- RECORDS SUPPLIED

# # #

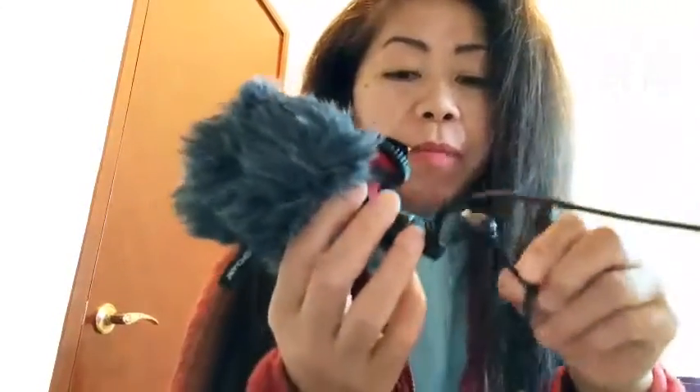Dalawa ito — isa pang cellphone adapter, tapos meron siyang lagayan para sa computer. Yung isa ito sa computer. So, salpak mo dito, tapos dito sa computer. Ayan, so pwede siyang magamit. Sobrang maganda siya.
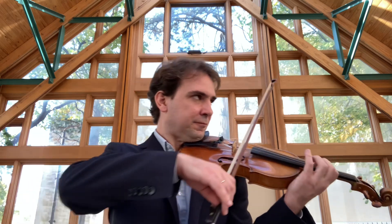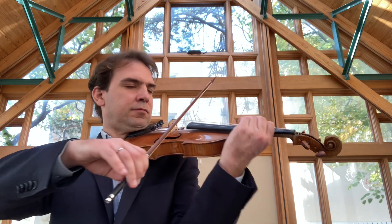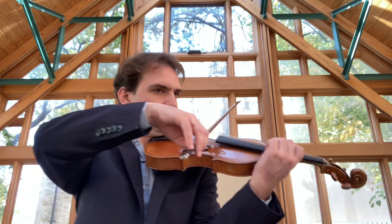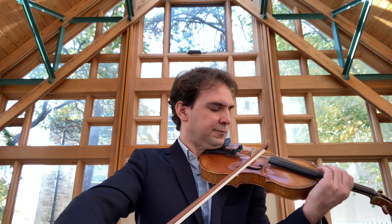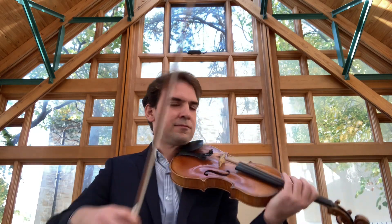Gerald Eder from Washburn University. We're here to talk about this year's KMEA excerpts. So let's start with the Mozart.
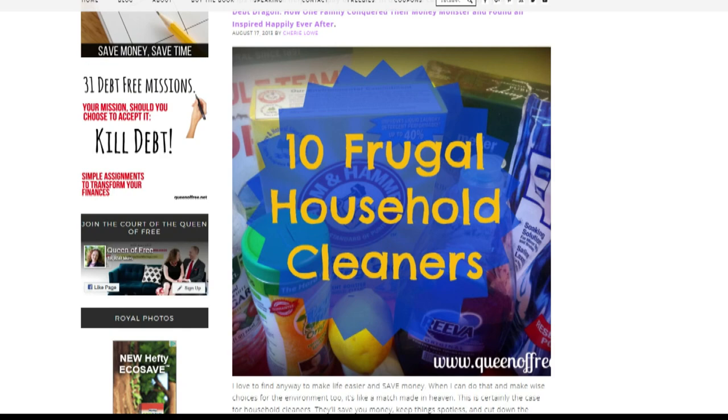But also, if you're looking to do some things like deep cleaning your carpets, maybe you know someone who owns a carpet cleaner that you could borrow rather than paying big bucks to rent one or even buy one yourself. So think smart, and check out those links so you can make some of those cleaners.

# # #

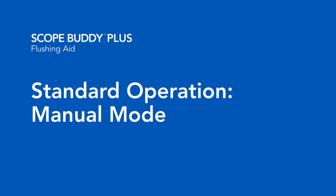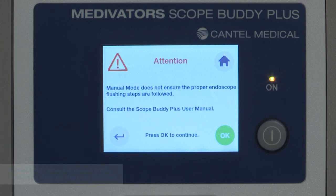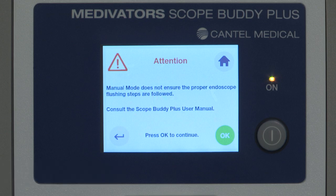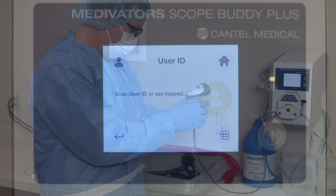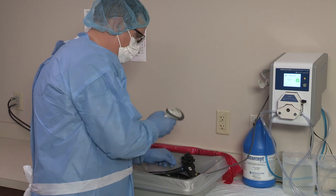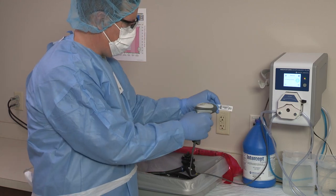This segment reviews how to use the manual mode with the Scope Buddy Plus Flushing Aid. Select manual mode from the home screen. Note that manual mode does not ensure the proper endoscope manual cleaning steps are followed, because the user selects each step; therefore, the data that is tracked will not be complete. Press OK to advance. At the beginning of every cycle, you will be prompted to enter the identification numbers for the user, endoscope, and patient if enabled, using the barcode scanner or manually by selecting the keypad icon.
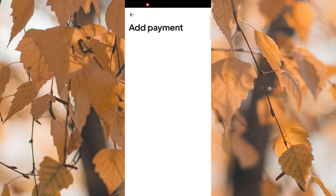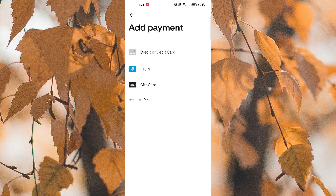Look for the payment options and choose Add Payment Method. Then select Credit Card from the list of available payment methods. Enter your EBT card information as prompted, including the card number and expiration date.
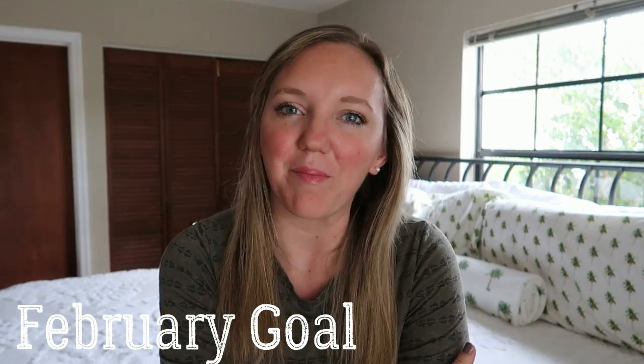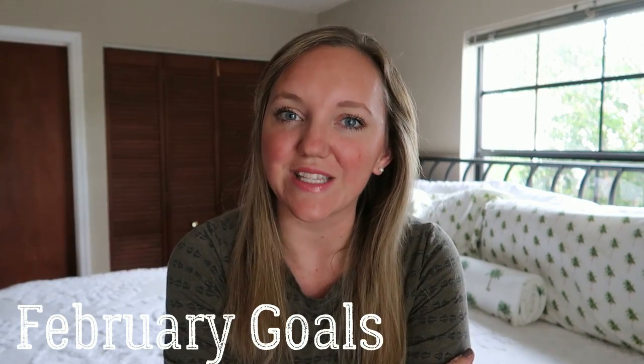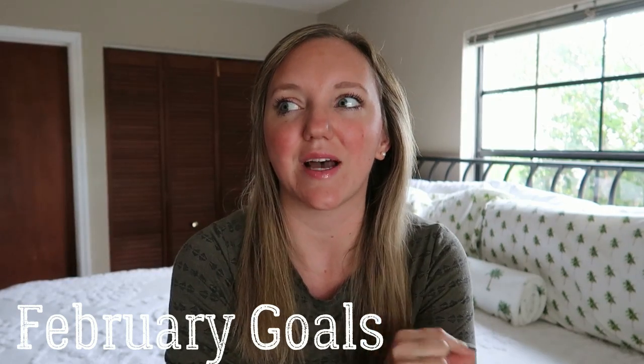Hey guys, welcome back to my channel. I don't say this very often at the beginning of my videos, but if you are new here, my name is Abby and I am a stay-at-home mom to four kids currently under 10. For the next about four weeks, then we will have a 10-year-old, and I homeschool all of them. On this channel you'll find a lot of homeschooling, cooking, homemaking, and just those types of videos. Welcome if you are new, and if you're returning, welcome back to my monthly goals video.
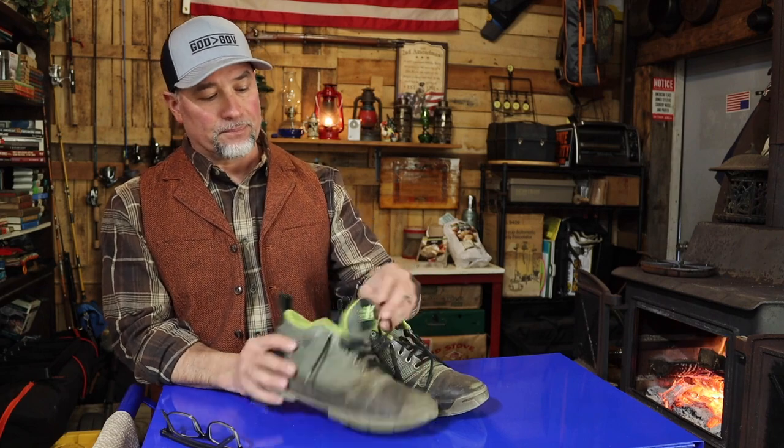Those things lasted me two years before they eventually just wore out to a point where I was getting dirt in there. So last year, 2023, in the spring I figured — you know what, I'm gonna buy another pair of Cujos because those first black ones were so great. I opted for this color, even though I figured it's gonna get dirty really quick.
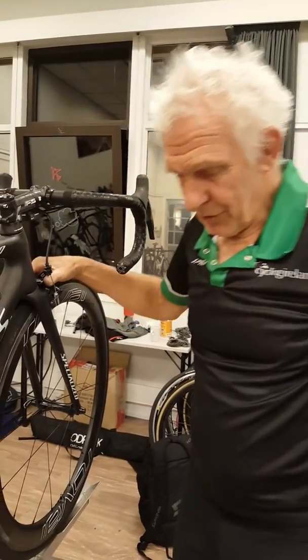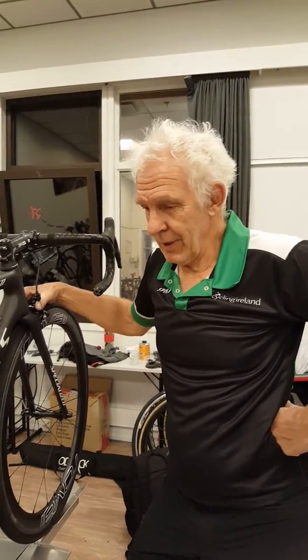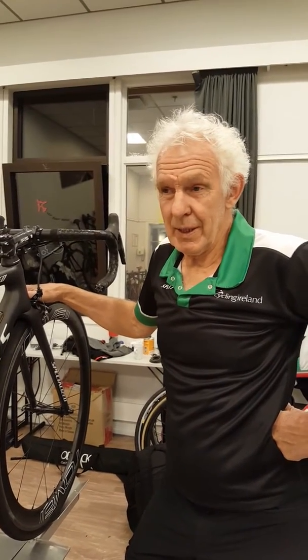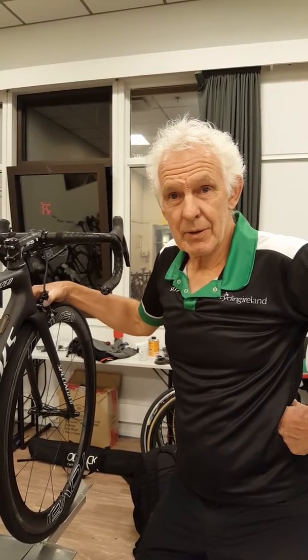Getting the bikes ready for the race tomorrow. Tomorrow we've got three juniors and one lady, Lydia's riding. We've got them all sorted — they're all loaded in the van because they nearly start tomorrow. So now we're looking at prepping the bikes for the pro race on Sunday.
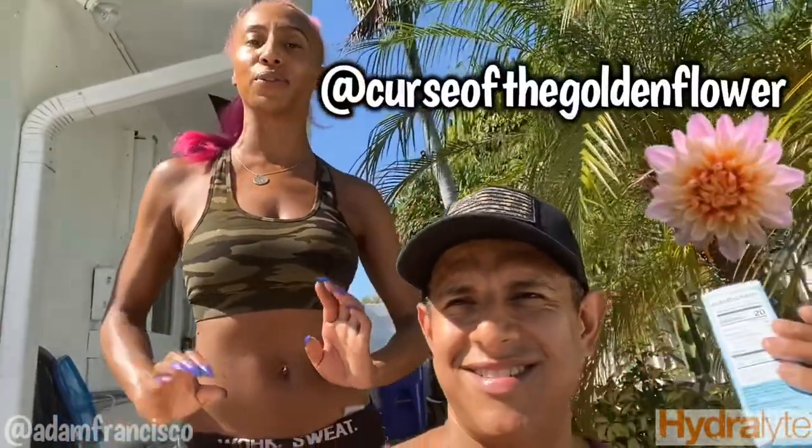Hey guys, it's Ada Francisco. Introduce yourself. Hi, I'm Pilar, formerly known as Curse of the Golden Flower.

# # #

- YOUR OBJECTIVE
Return exactly the lines of the material above, starting at the line containing "Getting the bikes" and finishing at the line containing "Hey guys, it's", without any pictures.

- EXERCISE SOLUTION
Getting the bikes ready for the race tomorrow. Tomorrow we've got three juniors and one lady, Lydia's riding. We've got them all sorted — they're all loaded in the van because they nearly start tomorrow. So now we're looking at prepping the bikes for the pro race on Sunday.
Hey guys, it's Ada Francisco. Introduce yourself. Hi, I'm Pilar, formerly known as Curse of the Golden Flower.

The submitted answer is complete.